Katherlieschen eve döndü ve "Frieder'cik başka bir şey yemek istiyor, tereyağı ve peynir hoşuna gitmedi herhalde. Ona bir çıkın dolusu tayınla içecek olarak sirke götüreyim bari" diye düşündü. Sonra da kapının üst kısmını sürgüledi, ama alt kısmını rezelerinden çıkarıp sırtladı, bu kapıyı güvenceye alırsa ev de güvencede olmuş olur diye düşündü.
Yola çıktıktan sonra da hiç acele etmedi ve "Bu arada Frieder'cik canı istediği kadar dinlenir!" diye söylendi.
Yanına vardığında ona şöyle dedi: "Frieder'ciğim, kapıyı alıp getirdim, onu güvenceye sen al!"

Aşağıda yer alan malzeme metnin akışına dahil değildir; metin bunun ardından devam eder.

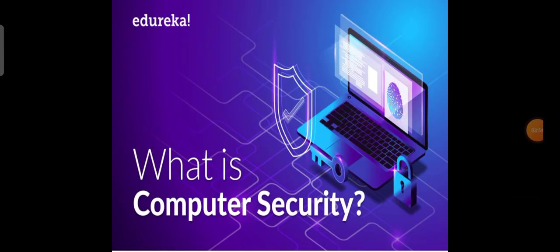Now let's talk about computer security, which is our next topic. Computer security, also known as IT security or information technology security, is the information security as applied to computers and networks. The field covers all the processes and mechanisms by which computer-based equipment, information and services are protected from unintended or unauthorized access, change or destruction.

"Nasıl bir kadına çattım Tanrım! Kapının altını açık bırakıyor, herkes içeri girsin diye; üstünü de sürgülüyor! Artık tekrar eve gitmek için çok geç, ama madem buraya getirdin kapıyı sen taşı!"
"Kapıyı taşırım ben Frieder'ciğim! Ama tayınlarla sirke bana ağır gelecek, onları kapıya asayım da o taşısın!"
Daha sonra ormana giderek hırsızları aradılar, ama bulamadılar. Hava kararınca bir ağaca çıktılar; niyetleri orada gecelemekti. Tam o sırada, onu bunu aşıran hırsızlar yanlarında neyi götürüp neyi atacaklarını saptamak için Frieder ile Katherlieschen'in üzerine çıktıkları ağacın dibine yerleştiler. Bir ateş yaktıktan sonra mallarını paylaştılar.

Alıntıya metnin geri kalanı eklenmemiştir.